Mother Knows Best
7th June 2006 by Merry Elrick
My mother had a saying, “Handsome is as handsome does.” However good you may look, it just doesn’t matter unless you behave properly. And here’s another one: Actions speak louder than words. What you, as a company, say and do is more important than a beautifully designed logo or a well crafted tagline.
In fact, taglines are pretty much useless unless, when applied internally, they rally the troupes. When I heard this yesterday at a talk by Daryl Travis of Brandtrust, I admit, I was taken aback. All those hours I’ve spent in my life fine tuning the perfect tagline…It just isn’t important.
Travis’ talk was about emotional branding (also the name of his book). His concept is based on recent brain research, and it’s fascinating beyond belief.

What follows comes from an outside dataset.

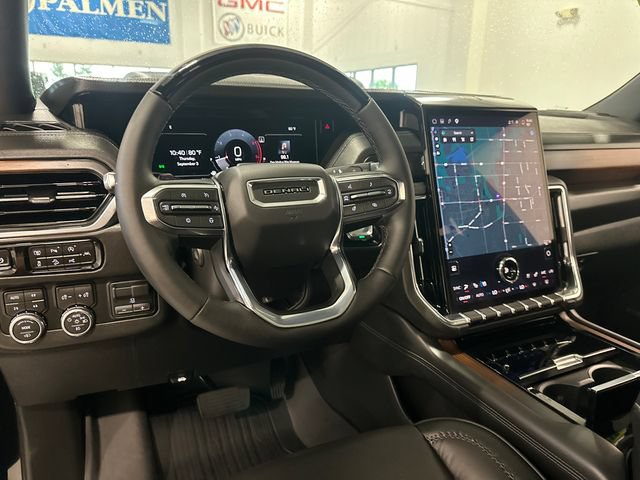 Used 2026 GMC Yukon Denali w/ Denali Reserve Package AWD/4WD image 13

I will try to do it justice with the briefest of summaries: Brands exist in the human mind. The mind contains countless memories which affect future behavior. When your brand promise comes into alignment with your customer’s mental model, then your customer will receive your brand message. You cannot alter the existing model, so you must make your message compatible with the model that’s already there, in your customer’s head.
The question we, as marketers, must ask is: How does our brand make the customer feel? This is critical, because brands are not about facts, they’re about feelings. We may think Wal-Mart is about price, but in fact, it’s successful because people feel Wal-Mart is the champion of the common man.
One more thing my mother always said: Tell the truth. If your brand promise doesn’t ring true–that is, if it doesn’t come into alignment with existing mental models–then you’re toast.
Just thought I’d share.

June 11th, 2006 at 9:54 pm
Merry,
As a soon-to-be contributor to this blog, I was pleased to see your post. In fact, last night I wrote an entry along the same lines. In the entry I discuss “branding” vs. “impressionism.”
I look forward to reading more of your entries.
June 12th, 2006 at 5:18 am
Welcome to the Commons, Lorenzo. I look forward to your post.